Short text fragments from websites
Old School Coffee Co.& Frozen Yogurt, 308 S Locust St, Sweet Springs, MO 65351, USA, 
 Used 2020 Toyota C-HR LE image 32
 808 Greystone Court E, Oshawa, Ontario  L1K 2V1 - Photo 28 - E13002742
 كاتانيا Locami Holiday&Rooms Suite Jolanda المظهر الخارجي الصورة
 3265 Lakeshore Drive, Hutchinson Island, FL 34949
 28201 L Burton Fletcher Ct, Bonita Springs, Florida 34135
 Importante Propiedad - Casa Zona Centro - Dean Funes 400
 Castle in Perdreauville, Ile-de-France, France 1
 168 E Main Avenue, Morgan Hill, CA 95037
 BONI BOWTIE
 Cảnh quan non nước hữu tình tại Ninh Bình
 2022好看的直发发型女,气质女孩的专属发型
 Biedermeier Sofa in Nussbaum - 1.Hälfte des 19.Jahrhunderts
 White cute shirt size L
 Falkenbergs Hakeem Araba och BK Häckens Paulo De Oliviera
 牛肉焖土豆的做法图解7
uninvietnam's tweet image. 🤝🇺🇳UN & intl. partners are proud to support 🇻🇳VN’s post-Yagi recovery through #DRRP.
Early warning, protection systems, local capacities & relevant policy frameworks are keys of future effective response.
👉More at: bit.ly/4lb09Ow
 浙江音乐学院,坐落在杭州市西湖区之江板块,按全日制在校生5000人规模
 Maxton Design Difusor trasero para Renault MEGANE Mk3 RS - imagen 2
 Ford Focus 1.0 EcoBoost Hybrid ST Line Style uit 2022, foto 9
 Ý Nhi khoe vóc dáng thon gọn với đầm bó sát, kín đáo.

- _The problem_:
The last part of the records is the answer, beginning at the line that holds "Biedermeier Sofa in" and including the final line, repeated exactly.

- _Output for this task_:
 Biedermeier Sofa in Nussbaum - 1.Hälfte des 19.Jahrhunderts
 White cute shirt size L
 Falkenbergs Hakeem Araba och BK Häckens Paulo De Oliviera
 牛肉焖土豆的做法图解7
uninvietnam's tweet image. 🤝🇺🇳UN & intl. partners are proud to support 🇻🇳VN’s post-Yagi recovery through #DRRP.
Early warning, protection systems, local capacities & relevant policy frameworks are keys of future effective response.
👉More at: bit.ly/4lb09Ow
 浙江音乐学院,坐落在杭州市西湖区之江板块,按全日制在校生5000人规模
 Maxton Design Difusor trasero para Renault MEGANE Mk3 RS - imagen 2
 Ford Focus 1.0 EcoBoost Hybrid ST Line Style uit 2022, foto 9
 Ý Nhi khoe vóc dáng thon gọn với đầm bó sát, kín đáo.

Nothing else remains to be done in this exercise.